Também devemos lembrar que o conceito de “altruísmo” também teve um início na história, começando a partir de formulações de Comte sobre perigos e possibilidades da sociedade industrial. Uma teoria do altruísmo deveria guiar moralmente a sociedade moderna, como a religião havia guiado outras sociedades no passado. Um temor do individualismo, de seu potencial de dissociação, de “anomia” parecia ser o motor para um altruísmo em oposição a um egoísmo que poderia explodir a qualquer momento. As teorias de Comte parecem datadas, e não é a elas que nos referimos numa defesa do altruísmo, mas ainda nos parece interessante que o altruísmo fora pensado numa teoria moral de preservação social, tanto ou mais que um modo de conduzir a própria vida privada.
O altruísmo que defendemos está ligado a essa oportunidade que falamos acima, e não a um receio de que a sociedade irá se perder em crises de individualismo. Sendo esta oportunidade uma sociedade onde o indivíduo tem papel no mundo para além da esfera privada.
Nossa empatia nos é natural e não forçada goela abaixo, a questão é para quem e como direcionamos nossa empatia, se o fazemos para reforçar identidades, se o fazemos do modo mais eficiente para evitar sofrimento e levar a um bem-estar geral maior. Temos responsabilidades com o outro, nossa existência é em referência ao outro, e não exclusivamente a nós mesmos. Estando esse outro a 500 metros, conhecido, com quem compartilhamos histórias e sentimentos. Ou estando a 500 km, desconhecido, com histórias que nos parecem estranhas, e com afeto direcionado a rostos que não reconhecemos. Uma moral direcionada somente aqueles com quem interagimos diretamente já não é o suficiente, já mudamos muito desde o tempo em que isto parecia bastar, e parece que mudaremos mais (pelo menos é como temos vistos as mudanças nos valores sociais mais recentes, conforme afirmamos aqui, e também neste post)
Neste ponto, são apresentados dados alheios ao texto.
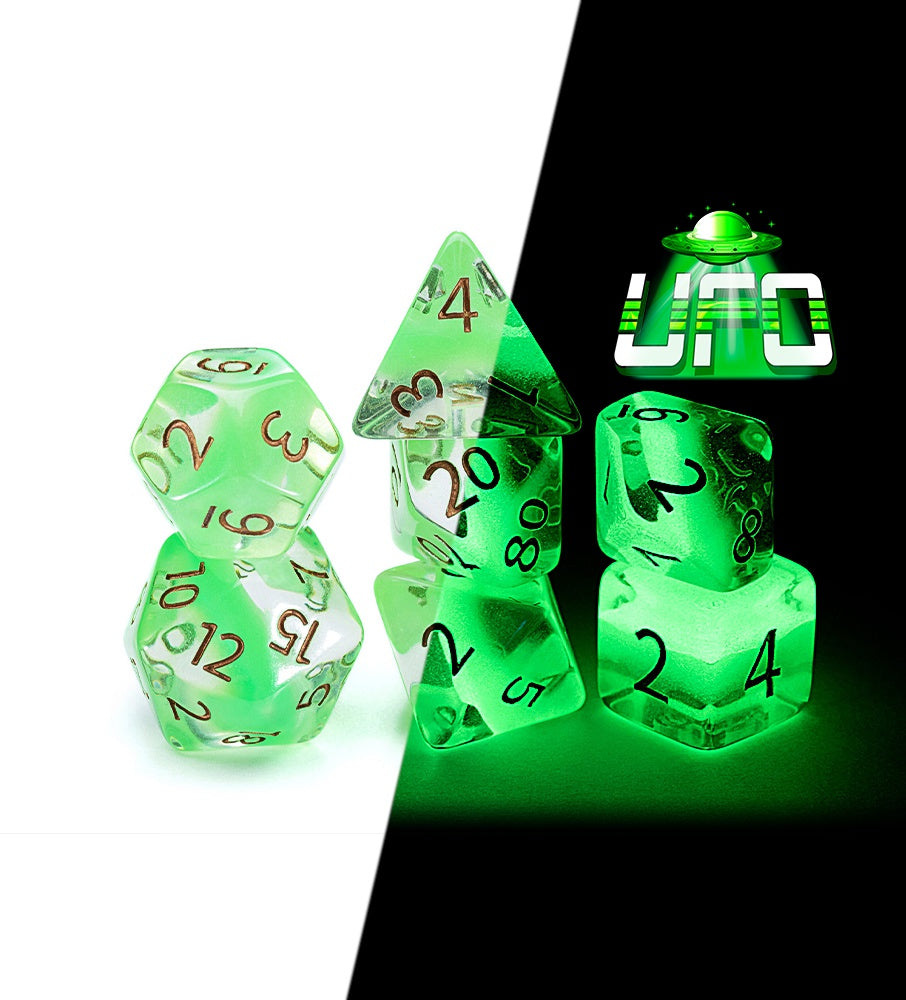 Gate Keeper Games: 7-Die Set - Radiant Dice - UFO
Nosso mundo cresceu e tornou fronteiras porosas, mas também num primeiro momento distanciou o indivíduo desse mundo além de sua esfera privada, e de suas interações no presente. Mas hoje este indivíduo se depara com o mundo novamente, somos capazes de impactar esse mundo,e não falamos aqui de “mudar totalmente o mundo”, mas de beneficiar o máximo possível aqueles que vivem nesse mundo. Assumir uma postura ativa nesse mundo, mas sem se deixar levar por moralismos ou objetivos irreais, essa é nossa oportunidade de exercer altruísmo. Podemos nos conectar com estes outros distantes no tempo e no espaço como pessoas de nosso interesse ético, podemos incluí-los como parte de nosso “horizonte de altruísmo”. E ao fazê-lo podemos nos guiar não só por nosso desejo empático de fazer o bem, mas também por ferramentas pra medirmos o quanto podemos de fato impactar positivamente, assim podendo estabelecer metas claras, e visar meios objetivos de atingi-las, fazendo de nosso altruísmo eficaz.